Hastings, whose creation of Netflix made him a billionaire, has hatched a one-of-a-kind plan in the ski resort realm. Instead of partnering with Alterra Mountain Co. or Vail Resorts to join those companies’ massive Ikon and Epic pass programs and fill the resort with skiers, Hastings is pursuing a public-private business model. He’s selling about 600 $1 million lots to skiers who will build slopeside homes and pay as much as $100,000 a year for memberships to access private slopes. And that revenue will support public access to the rest of the mountain. 

“I knew nothing about ski resorts. I knew nothing about real estate,” he said, joking that when he purchased the ski hill up the road from Snowbasin and the private Wasatch Peaks Ranch ski areas he didn’t know the difference between a plot or a plat. “This is a passion project more than a business plan. We are wanting to show a model that can thrive outside the Epic-Ikon model.”

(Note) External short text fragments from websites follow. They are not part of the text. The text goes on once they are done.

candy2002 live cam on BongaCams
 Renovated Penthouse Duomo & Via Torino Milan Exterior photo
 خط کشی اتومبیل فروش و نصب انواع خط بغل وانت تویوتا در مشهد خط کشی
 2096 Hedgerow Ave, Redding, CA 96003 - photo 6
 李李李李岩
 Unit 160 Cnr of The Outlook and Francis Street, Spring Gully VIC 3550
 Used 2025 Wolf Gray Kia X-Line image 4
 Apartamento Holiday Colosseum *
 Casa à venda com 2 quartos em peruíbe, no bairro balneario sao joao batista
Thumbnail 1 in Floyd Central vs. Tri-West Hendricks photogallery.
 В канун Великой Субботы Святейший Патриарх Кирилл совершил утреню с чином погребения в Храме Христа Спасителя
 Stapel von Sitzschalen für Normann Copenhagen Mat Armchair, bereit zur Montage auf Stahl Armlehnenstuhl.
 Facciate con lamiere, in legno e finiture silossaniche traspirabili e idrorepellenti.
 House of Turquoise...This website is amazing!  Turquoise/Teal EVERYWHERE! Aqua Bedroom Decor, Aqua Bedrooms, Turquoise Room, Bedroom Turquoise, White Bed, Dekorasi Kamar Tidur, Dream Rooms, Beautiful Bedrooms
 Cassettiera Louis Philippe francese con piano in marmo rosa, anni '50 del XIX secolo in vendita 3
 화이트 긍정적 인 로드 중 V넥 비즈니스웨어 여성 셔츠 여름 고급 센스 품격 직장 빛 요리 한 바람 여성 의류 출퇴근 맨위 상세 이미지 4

Artist Davina Semo has installed three perforated bronze bells in tree runs at Powder Mountain as part of the ski area’s work to blend art and skiing at the Utah ski area. (Courtesy Tristan Sadler / Powder Mountain)

Part of the plan includes the nonprofit Powder Art Foundation, which sprinkles art installations across the public ski area. The magic carpet surface lift at the beginner slope is a light-filtering sculpture. Some of the tree runs have tiny speakers that play bursts of music — a woman singing, for example — for about a minute every half-hour. Six-foot tall cast-iron bells are tucked into woody enclaves. On one chairlift, a chair has been replaced with a carousel horse. There are sculptures and interactive art installations spread across the ski area.

“Think of it like art as Easter eggs,” said artist Alex Zhang, the chief creative officer of the Powder Mountain project.